Le lecteur se laisse séduire sûrement et lentement par cette histoire à l’ambiance particulière. Il fait la découverte de l’existence d’un livre maudit qui brûle ceux qui veulent se l’approprier indûment. La mise en scène se révèle insuffisante pour y voir une métaphore sur l’appropriation d’un savoir interdit. Ce livre qui, en quelque sorte, avait inclus Edith & Allan de force dans sa tragique destinée…Le héros a beau se montrer courageux, il semble patauger du début à la fin, sans réussir à accomplir d’exploit, sans parvenir à prévenir les catastrophes. Il relève une phrase à propos du Pénitent : c’est ainsi qu’on appelait les repris de justice chargés d’enflammer le grisou avant l’arrivée des mineurs, un étrange rapprochement qui en dit peut-être long. Il reste coi devant la méthode de suicide choisie par Romuald, à l’aide d’une perceuse. Arrivé à la fin, il sent qu’il est bien accroché par l’intrigue et la narration.

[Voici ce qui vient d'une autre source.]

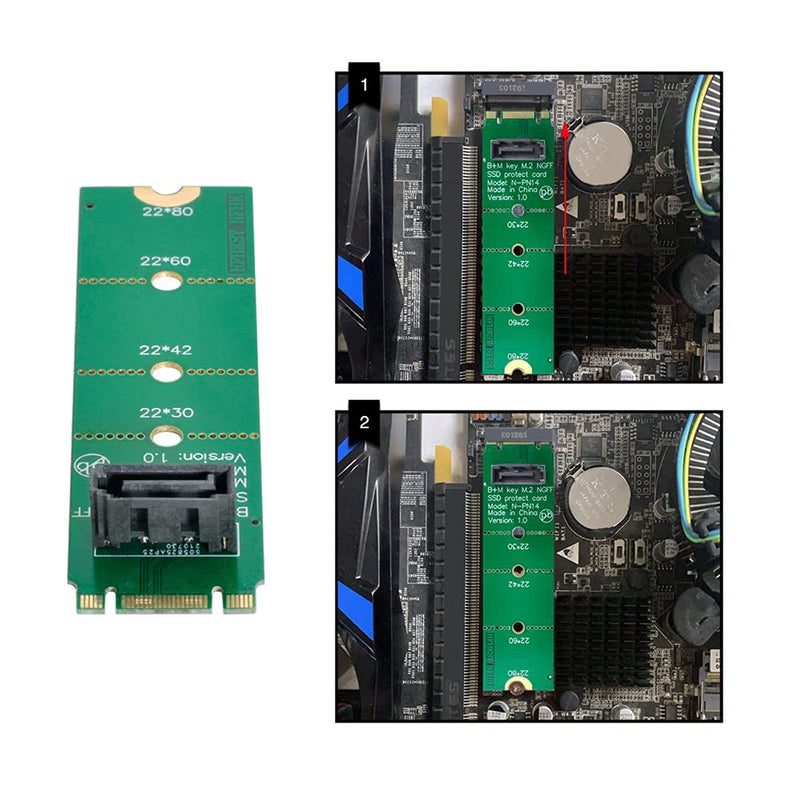 [Australia - AusPower] - NFHK Motherboard NGFF B/M-Key M.2 to Vertical SATA 7pin Hard Disk Drive SSD PCBA Extension Adapter Green B/M-key to 1 SATA 
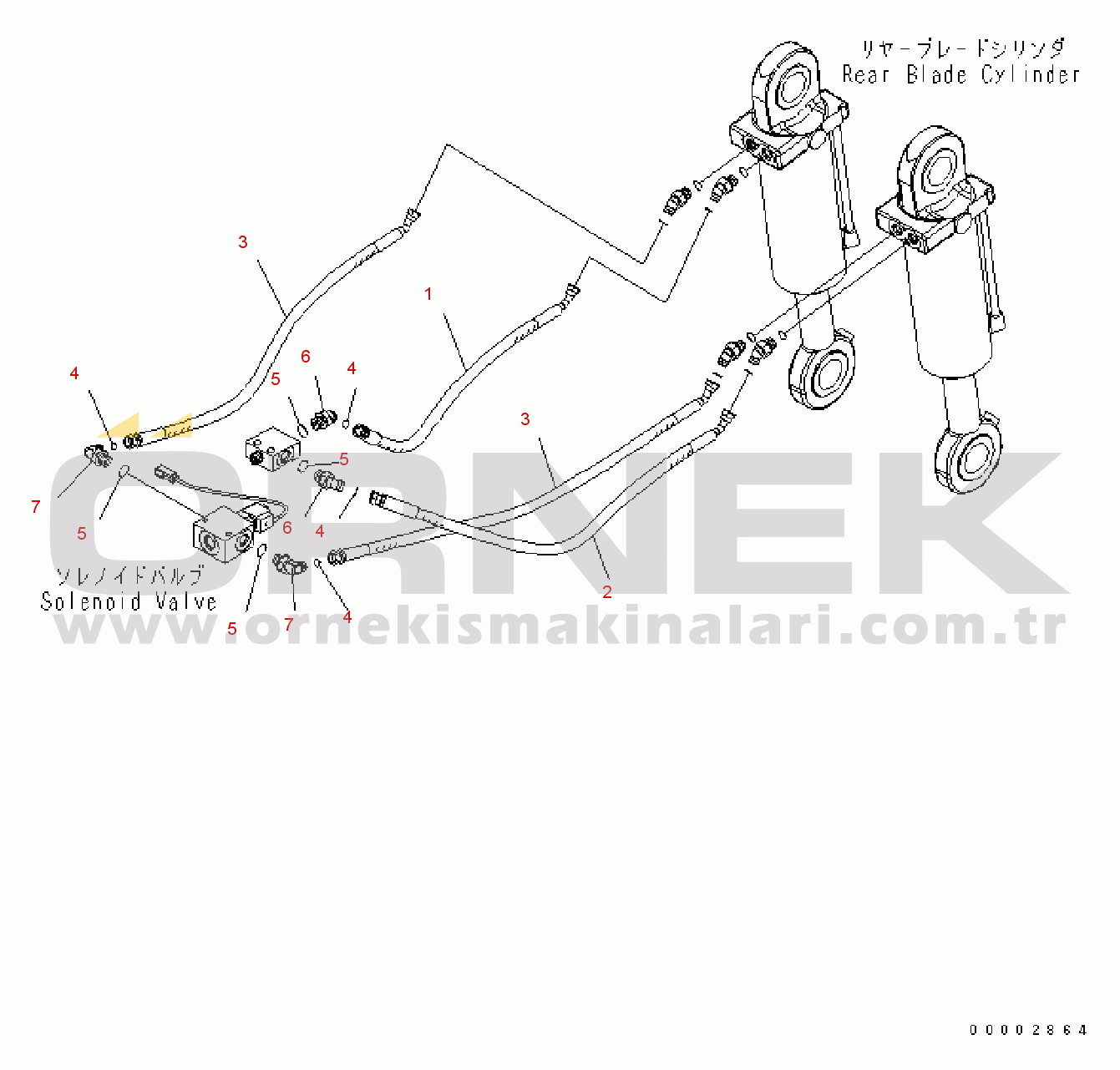 Komatsu PW160-7E0 S/N H55051-UP SWIVEL JOINT (HYDRAULIC PIPING) (REAR BLADE) (2/2)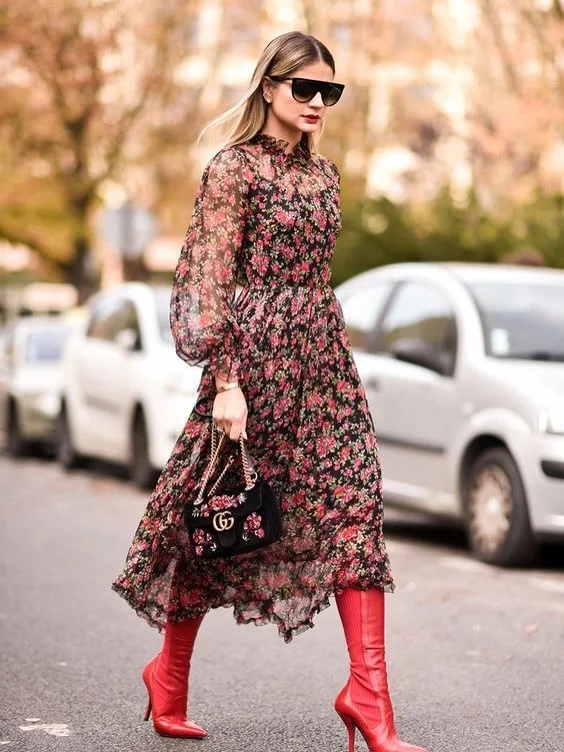 new trends fall fashion 2026 Romantic Florals Meet Statement Red Boots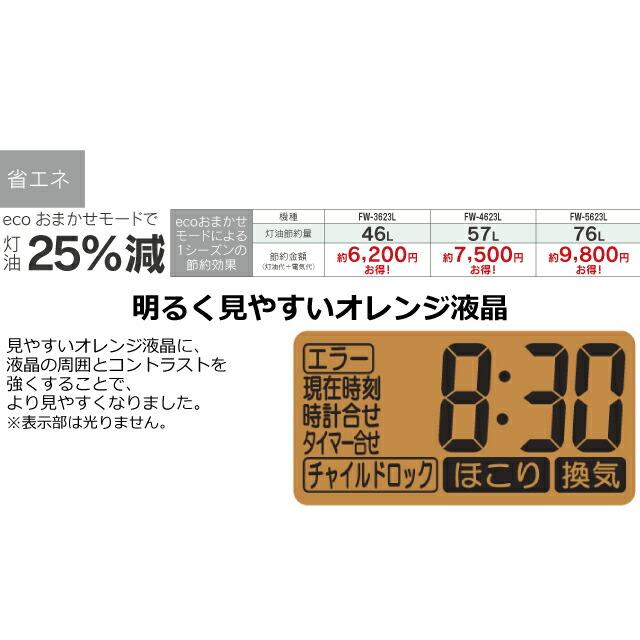 【送料無料】【3年保証付】Lタイプ ヒーター・ストーブ 木造10畳まで コンクリ13畳まで ダイニチ FW-3623L-W 石油ファンヒーター ムーンホワイト｜torikae-com｜04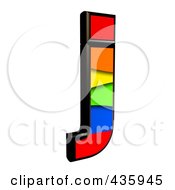 Poster, Art Print Of 3d Rainbow Symbol Lowercase Letter J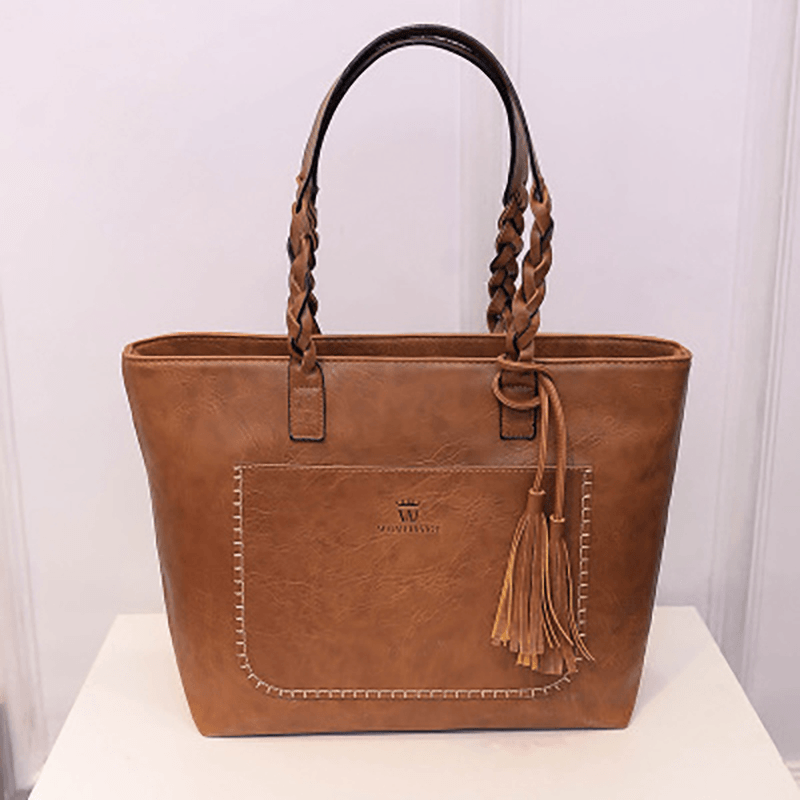 Women Solid Faux Leather Tassel Tote Bag Large Capacity - MRSLM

Une aventure à l’ancienne, avec un beau héro américain, une belle pépée, et un mystère surnaturel vaguement horrifique ? Il y a de cela, et en même temps l’investissement de l’artiste dans la description, la palette de couleurs soignée et nuancée, ainsi que des éléments originaux placent ce premier tome au-dessus de la mêlée, en termes de saveurs originales, séduisant ainsi le lecteur qui en redemande.